T-Mobile’s Chief Marketing Officer, Cole Brodman, has suggested that carriers need to put an end to device subsidies to fix the undervaluing of handsets by users. Speaking at the GeekWire conference in Seattle, Brodman said

“It (subsidies) actually distorts what devices actually cost and it causes OEMs, carriers — everybody to compete on different playing fields… And I think it is really difficult, especially from a consumer perspective, because it causes consumers to devalue completely the hardware they are using…. It is amazing hardware, but it has become kind of throw away.
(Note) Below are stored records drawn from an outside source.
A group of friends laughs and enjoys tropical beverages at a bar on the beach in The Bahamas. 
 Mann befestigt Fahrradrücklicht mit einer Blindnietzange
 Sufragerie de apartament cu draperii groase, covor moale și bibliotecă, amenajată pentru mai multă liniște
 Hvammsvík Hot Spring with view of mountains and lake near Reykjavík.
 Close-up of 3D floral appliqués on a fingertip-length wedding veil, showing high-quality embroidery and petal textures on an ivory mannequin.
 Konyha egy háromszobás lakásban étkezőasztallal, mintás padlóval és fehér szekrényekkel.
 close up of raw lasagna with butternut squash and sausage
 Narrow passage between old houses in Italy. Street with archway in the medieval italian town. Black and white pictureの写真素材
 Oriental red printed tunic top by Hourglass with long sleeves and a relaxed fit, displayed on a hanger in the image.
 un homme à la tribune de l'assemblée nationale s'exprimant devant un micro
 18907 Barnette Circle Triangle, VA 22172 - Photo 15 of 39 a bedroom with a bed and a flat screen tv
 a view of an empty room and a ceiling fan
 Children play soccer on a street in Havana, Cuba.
So, it is unfortunate, you’ve got dual-core, multiprocessor devices with amazing HD screens that get thrown away at 18 months.”

T-Mobile deserves to be applauded for at least having some worthwhile off-contract plans for those who’d rather pay the full price of a device up front (I’d prefer if someone can confirm this in the comments, being in India I’m not a 100% certain of this). However, I must say that Brodman’s barking up the wrong tree if “undervaluing” of devices is actually that big a problem.

Even if a person purchases a device on contract, he values it greatly because of the contract. Lose it or break it, and you know you’ve got a large amount to pay to get a replacement. So I can’t see why a user would actually undervalue it because of the contract itself.

However, what does cause the “undervaluing” of handsets are the lack of software updates from the manufacturers. A perfect case in point is the issue with the Samsung Galaxy S. When a flagship device does not receive the latest version of Android that was released within 18 months of the phone’s launch, simply because of the company’s custom skin, it leaves users with no option but to look for another device that does offer the best Android device.

It’s nearly a year since the “Update Alliance” was announced at Google I/O, with all companies and carriers working on a promise to provide timely updates for at least 18 months. It was one of the highlights of I/O 2011 for me, but unfortunately, the situation has only gotten worse.

So, Mr. Brodman, I agree with you when it comes to offering users with cheaper contracts for those who’d rather pay up front for the phone, but there’s a bigger issue at hand. I use your myTouch 4G, I love the phone, and can’t point to any real reason to change it one and a half years later.

But I do feel tempted to cheat on it since it’s still on Gingerbread.